Dans la nouvelle pièce de la chorégraphe et danseuse Jocelyne Montpetit, on retrouve intact son univers singulier, subtil, mêlant intensité et sensualité comme moyens d'accès aux strates intimes de la psyché humaine, et à une conscience aiguë de la mort.

Mais Avril est le mois le plus cruel est aussi une pièce plus poignante, plus oppressante que les précédentes, empreinte d'une quête désespérée de lumière, et dont la dernière scène hante longtemps après que l'on eut quitté la salle: une femme nue, lampe brandie, erre, cherche dans une obscurité de fin du monde. Cherche quoi, qui? L'humain, tel Diogène? Ou bien une trace de vie qui, comme dans le poème éponyme de T.S. Eliot, renaîtrait de la mort hivernale, comme le printemps en avril.

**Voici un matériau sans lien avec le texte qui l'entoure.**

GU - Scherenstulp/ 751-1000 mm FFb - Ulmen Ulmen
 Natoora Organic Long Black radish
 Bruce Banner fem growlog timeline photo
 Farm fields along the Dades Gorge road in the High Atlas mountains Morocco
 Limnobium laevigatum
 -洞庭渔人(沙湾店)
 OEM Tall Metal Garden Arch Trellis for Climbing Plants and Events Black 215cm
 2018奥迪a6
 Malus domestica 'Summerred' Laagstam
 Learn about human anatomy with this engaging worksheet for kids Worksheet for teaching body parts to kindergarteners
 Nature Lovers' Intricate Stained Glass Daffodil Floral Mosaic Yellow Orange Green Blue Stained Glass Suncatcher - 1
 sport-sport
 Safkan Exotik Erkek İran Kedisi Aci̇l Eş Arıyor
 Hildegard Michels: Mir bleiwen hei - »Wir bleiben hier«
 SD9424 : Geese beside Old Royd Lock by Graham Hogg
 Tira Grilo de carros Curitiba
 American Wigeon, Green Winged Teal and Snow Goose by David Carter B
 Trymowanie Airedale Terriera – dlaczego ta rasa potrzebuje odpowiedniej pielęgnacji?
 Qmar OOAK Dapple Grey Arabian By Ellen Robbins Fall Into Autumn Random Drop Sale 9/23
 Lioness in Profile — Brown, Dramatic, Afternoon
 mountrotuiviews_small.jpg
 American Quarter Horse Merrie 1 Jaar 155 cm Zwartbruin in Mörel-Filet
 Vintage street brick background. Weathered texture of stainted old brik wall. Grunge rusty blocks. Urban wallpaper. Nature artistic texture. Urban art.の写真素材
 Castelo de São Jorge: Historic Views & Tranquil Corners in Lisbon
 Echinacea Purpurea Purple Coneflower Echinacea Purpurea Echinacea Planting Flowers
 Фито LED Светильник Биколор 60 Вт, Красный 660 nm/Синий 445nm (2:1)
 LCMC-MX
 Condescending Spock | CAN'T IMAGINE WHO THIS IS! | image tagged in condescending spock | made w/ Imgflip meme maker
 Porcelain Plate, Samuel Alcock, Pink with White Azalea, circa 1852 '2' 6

Avec cette pièce, Jocelyne Montpetit amorce une nouvelle trilogie sur le thème des Élégies. Ce premier volet n'est pas sans évoquer les catastrophes qui ont affligé le Japon en mars dernier. Non pas que les exemples de dévastation naturelle ou humaine manquent sur la planète, mais l'esthétique et la gestuelle de la pièce s'y réfèrent clairement.

Jocelyne Montpetit a tellement intégré le butô, sur le plan formel et surtout philosophique, tout en y apportant sa personnalité, son histoire, ses références littéraires et artistiques, que sa danse est à la fois complètement représentative du butô et complètement différente, réinterprétée.

Ainsi, dans ses trois pièces précédentes, l'influence du baroque italien était marquée. Dans cette nouvelle pièce, la dramaturgie - de nouveau signée Francesco Capitano - est empreinte d'une théâtralité puissante mais épurée, construite en triangle entre un lit de fer forgé sous lequel sont amoncelés des verres, une sculpture de verre qui porte la trace d'un fossile et des miroirs. Univers fragile et pictural, entièrement monochrome, sur lequel est jetée, dans un des quatre tableaux, la violente tache rouge sang d'une des robes de la danseuse.

Ces jeux d'images et de reflets dans les transparences, dans les lumières feutrées et minimalistes de Sonoyo Nishikawa, qui privilégie les clairs-obscurs à la fois hypnotiques et inquiétants, créent une intranquillité insidieuse. L'ensemble est d'une très grande beauté, fascinante bien que tragique. La musique, signée Arvo Pärt, Louis Dufort et Scarlatti, tour à tour lyrique et alarmante, achève de captiver les sens. C'est beau et triste comme l'espoir ténu de cette femme qui tient les ténèbres à distance avec une simple torche.

Avril est le mois le plus cruel de Jocelyne Montpetit, les 21,22 et 23 septembre à l'Agora de la danse.